# [WORK TO BE COMPLETED]
Take the records below and set down exactly the lines from the one with "bathroom with wood-type" to the one with "Autumn Rainbow Candle", ends included; do not copy the pictures.

# [RAW DATA]
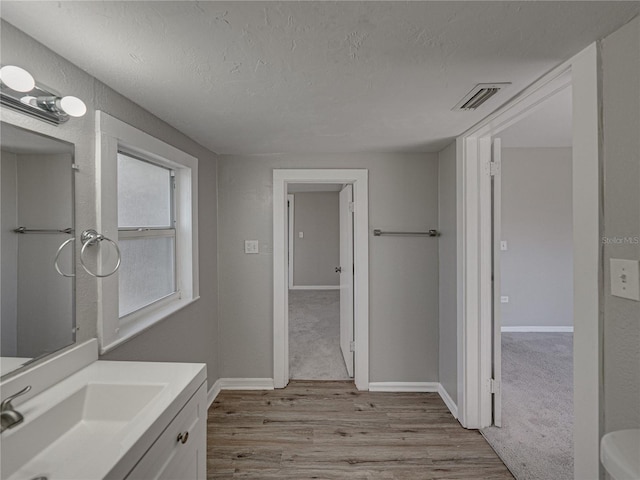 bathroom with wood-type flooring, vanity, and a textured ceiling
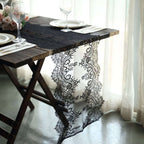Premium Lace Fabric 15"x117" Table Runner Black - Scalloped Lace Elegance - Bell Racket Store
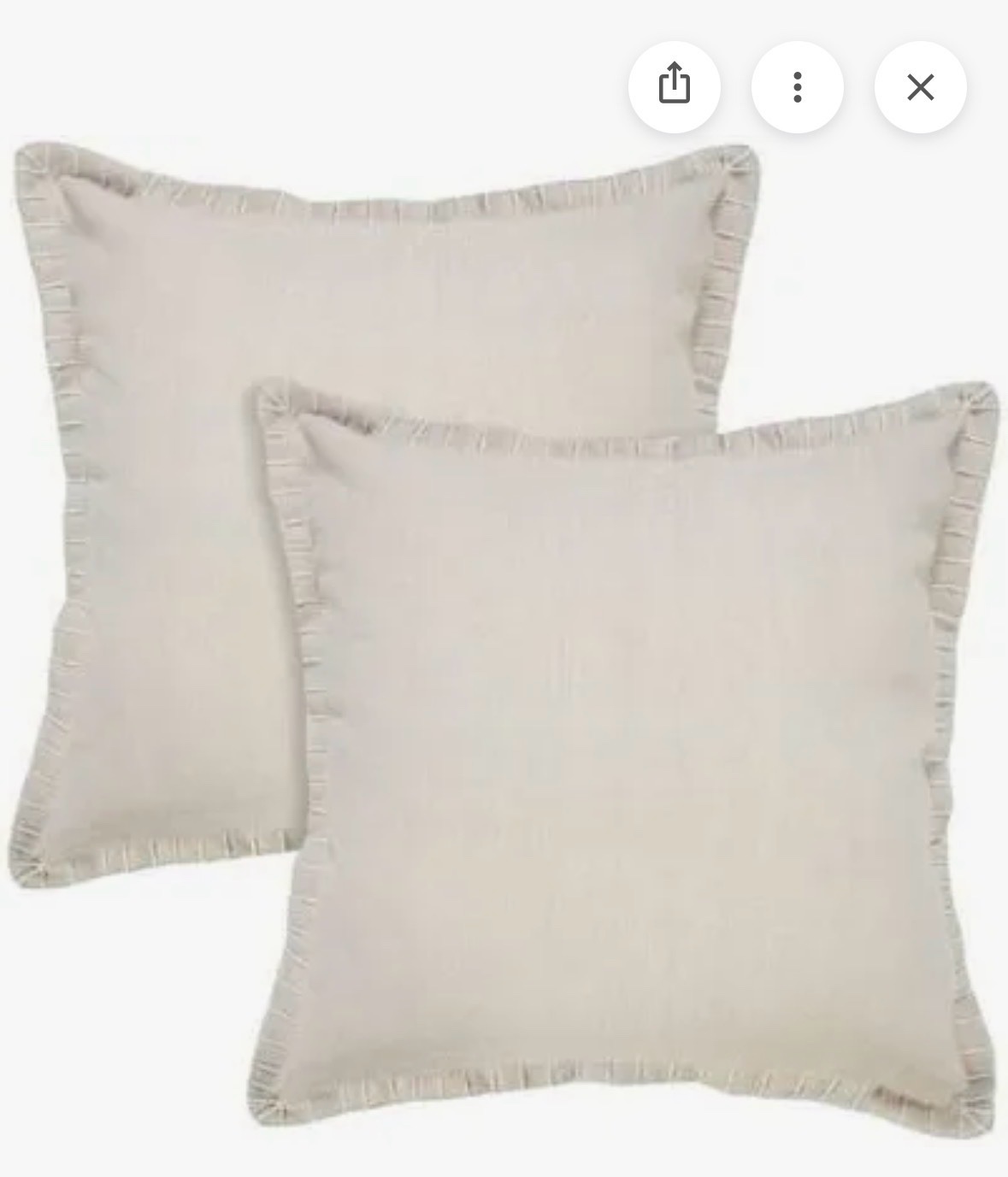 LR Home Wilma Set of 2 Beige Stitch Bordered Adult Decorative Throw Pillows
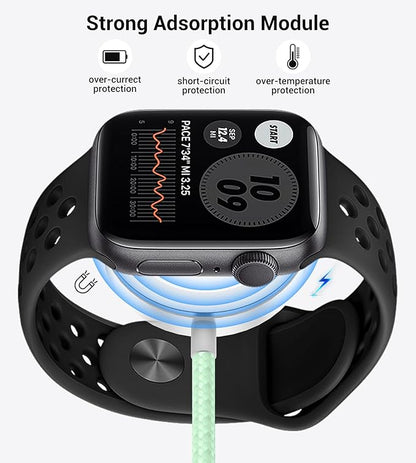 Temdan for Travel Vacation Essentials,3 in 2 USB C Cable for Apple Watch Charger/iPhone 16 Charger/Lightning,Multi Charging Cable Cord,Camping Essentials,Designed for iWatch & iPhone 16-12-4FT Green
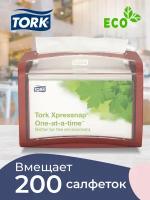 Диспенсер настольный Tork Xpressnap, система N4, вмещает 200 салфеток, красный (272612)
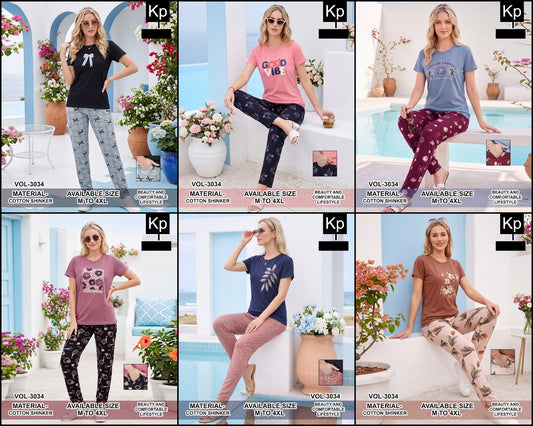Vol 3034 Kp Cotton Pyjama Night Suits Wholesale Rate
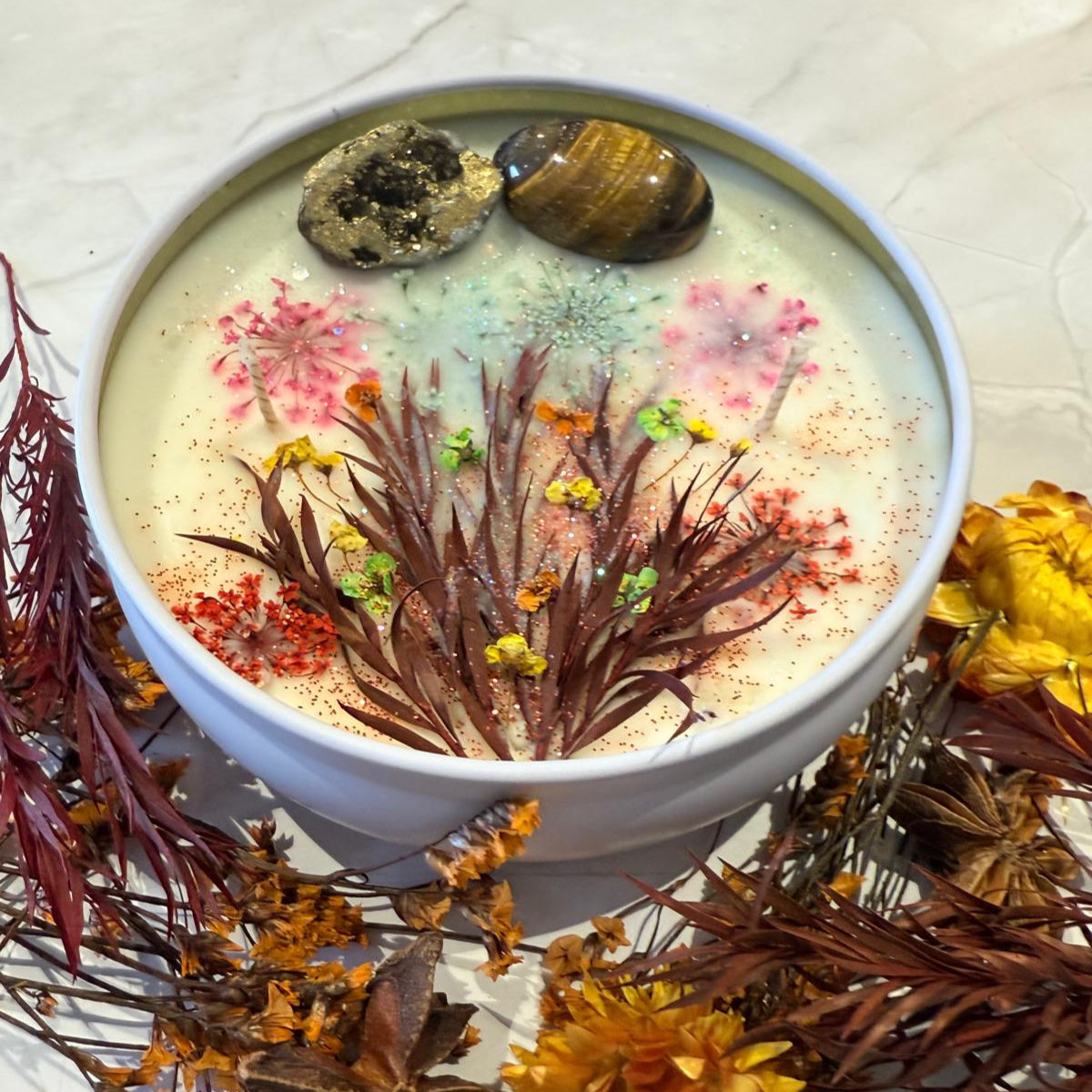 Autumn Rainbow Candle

* * *

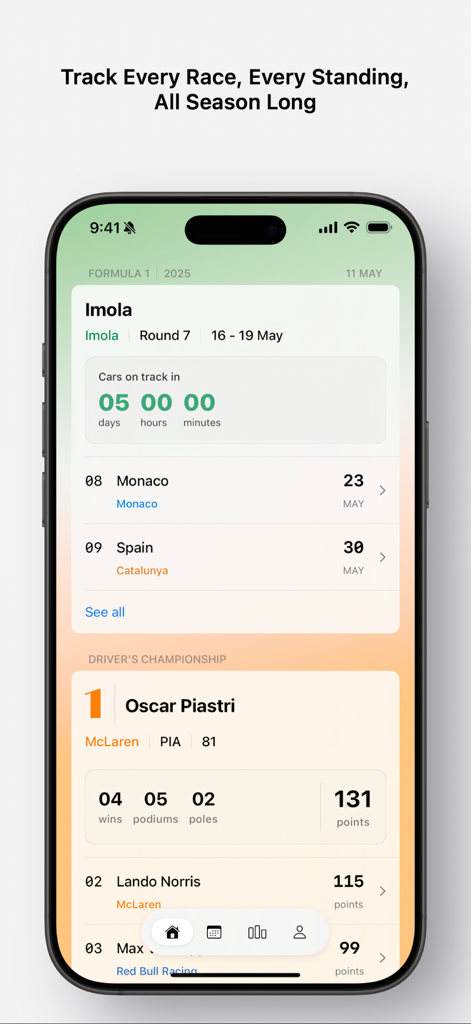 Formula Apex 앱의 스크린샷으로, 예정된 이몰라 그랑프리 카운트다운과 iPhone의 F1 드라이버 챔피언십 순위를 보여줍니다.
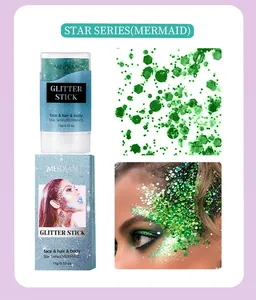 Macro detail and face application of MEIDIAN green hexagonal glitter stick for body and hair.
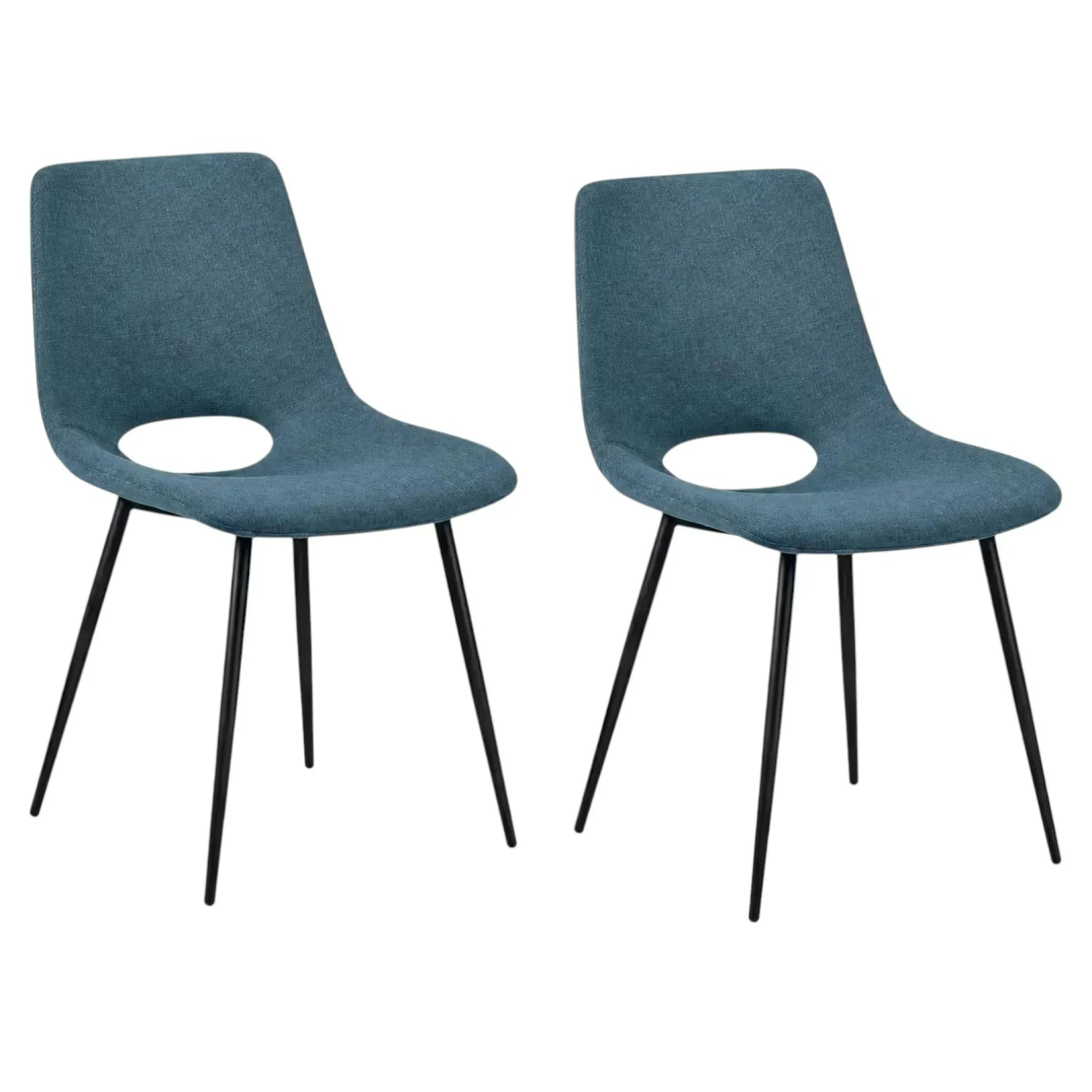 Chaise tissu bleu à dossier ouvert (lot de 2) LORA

# [RESPONSE]
 bathroom with wood-type flooring, vanity, and a textured ceiling
Premium Lace Fabric 15"x117" Table Runner Black - Scalloped Lace Elegance - Bell Racket Store
 LR Home Wilma Set of 2 Beige Stitch Bordered Adult Decorative Throw Pillows
 Temdan for Travel Vacation Essentials,3 in 2 USB C Cable for Apple Watch Charger/iPhone 16 Charger/Lightning,Multi Charging Cable Cord,Camping Essentials,Designed for iWatch & iPhone 16-12-4FT Green
 Диспенсер настольный Tork Xpressnap, система N4, вмещает 200 салфеток, красный (272612)
Vol 3034 Kp Cotton Pyjama Night Suits Wholesale Rate
 Autumn Rainbow Candle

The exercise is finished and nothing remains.